Assistant Majority Leader Sen. Dick Durbin (D-IL) blocked a floor vote on the resolution.
Paul began the filibuster at 11:47 am this morning to delay a vote on the nomination of John Brennan to head the CIA, until he could get answers from the Obama administration on drone use against US citizens on US soil who may be in league with al Qaeda or other terrorist groups. Holder told Sen. Paul in a letter on March 4 that he could envision scenarios in which a drone killing might be justified, but rejected Paul's questions as "hypothetical" and "unlikely."
The fact is, the use of drones against Americans on US soil has already happened.
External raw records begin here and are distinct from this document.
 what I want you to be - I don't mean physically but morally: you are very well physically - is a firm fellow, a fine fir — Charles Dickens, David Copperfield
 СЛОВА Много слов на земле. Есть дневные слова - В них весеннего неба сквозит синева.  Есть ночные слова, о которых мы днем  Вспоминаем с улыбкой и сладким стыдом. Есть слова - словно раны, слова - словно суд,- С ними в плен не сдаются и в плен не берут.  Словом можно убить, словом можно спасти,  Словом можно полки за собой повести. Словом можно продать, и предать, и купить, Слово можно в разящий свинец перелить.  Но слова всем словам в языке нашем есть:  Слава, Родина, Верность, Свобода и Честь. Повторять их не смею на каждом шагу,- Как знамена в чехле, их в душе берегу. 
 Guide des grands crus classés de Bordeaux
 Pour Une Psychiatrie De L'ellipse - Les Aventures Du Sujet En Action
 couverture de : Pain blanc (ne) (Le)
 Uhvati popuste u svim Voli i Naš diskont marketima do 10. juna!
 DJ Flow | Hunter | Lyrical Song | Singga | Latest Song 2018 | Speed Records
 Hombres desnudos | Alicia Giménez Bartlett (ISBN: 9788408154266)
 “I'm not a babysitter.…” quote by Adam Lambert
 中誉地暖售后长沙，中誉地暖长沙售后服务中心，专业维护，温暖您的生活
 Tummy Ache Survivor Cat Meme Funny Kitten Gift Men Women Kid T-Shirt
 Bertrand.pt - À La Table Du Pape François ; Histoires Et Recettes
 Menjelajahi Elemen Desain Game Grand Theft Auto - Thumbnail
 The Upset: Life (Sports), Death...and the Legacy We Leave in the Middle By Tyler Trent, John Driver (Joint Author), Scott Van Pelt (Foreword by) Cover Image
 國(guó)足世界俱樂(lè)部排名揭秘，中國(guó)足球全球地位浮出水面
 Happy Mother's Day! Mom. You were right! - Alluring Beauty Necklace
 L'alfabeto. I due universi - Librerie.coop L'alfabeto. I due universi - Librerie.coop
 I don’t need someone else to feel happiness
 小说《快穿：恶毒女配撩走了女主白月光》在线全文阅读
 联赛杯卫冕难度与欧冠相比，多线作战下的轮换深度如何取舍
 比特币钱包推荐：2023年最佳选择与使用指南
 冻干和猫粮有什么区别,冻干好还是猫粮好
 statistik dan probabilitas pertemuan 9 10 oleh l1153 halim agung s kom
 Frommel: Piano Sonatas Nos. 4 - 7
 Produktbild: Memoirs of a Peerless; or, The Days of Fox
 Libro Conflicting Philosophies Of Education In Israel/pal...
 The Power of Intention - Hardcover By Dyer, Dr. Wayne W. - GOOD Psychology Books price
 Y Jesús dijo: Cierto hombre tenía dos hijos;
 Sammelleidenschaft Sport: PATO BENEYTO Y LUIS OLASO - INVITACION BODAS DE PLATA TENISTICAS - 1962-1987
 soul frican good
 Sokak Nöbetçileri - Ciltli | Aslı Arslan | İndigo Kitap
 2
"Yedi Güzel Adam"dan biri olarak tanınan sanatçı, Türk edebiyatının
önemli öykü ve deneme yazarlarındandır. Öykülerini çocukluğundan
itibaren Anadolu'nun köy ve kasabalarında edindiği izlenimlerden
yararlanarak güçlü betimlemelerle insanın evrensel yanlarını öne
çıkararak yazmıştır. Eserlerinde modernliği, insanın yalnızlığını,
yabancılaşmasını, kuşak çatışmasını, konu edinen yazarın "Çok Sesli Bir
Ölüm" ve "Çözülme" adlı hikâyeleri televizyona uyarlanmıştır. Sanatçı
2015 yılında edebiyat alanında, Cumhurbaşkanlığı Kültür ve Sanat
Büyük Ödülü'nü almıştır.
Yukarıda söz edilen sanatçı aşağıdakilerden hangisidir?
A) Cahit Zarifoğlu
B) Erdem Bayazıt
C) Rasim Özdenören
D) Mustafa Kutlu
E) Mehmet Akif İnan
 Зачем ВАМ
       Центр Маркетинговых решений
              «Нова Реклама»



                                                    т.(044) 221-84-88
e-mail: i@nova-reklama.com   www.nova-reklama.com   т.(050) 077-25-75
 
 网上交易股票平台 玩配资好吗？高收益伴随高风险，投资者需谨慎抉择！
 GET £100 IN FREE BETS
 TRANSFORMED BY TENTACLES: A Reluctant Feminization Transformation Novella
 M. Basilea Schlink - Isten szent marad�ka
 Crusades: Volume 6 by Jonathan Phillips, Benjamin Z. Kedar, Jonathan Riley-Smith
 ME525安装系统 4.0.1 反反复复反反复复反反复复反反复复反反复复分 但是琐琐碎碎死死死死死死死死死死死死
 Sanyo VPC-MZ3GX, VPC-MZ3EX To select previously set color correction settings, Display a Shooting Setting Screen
That case did not involve the federal government and no one was killed. It involved a local dispute that began over milk. It's only a matter of time before the federal government finds itself dealing with a US citizen terrorist operating on US soil. Hizballah already operates in the Texas-Mexico border region. It's a virtual certainty that they will recruit Americans to stage some attack, if they have not done so already.
Beyond that, though, the current government has squandered any trust it may have had on the question of handling the rights of US citizens. The Obama Department of Homeland Security issued a report in 2009 in which it cast returning veterans and "anti-government" activists as potential terrorists. Though Obama approved the drone killing of Anwar al-Awlaki overseas despite the fact that he was a US citizen, it is currently treating the terrorist attack on Ft. Hood, Texas as "workplace violence" for purely political reasons. Awlaki is known to have exhorted the terrorist who carried out that attack.
But beyond that, Sen. Paul has done himself no favors by lamenting the global nature of the global war on terrorism. That clumsy name reflects a fact: Al Qaeda chose to make the war global when it attacked Americans on September 11, 2001 in Washington, New York and Pennsylvania. Our government has not patched up the holes in our immigration system that facilitated that attack. The global war on terrorism has been fought on American soil for more than a dozen years, and not by any US administration's choice.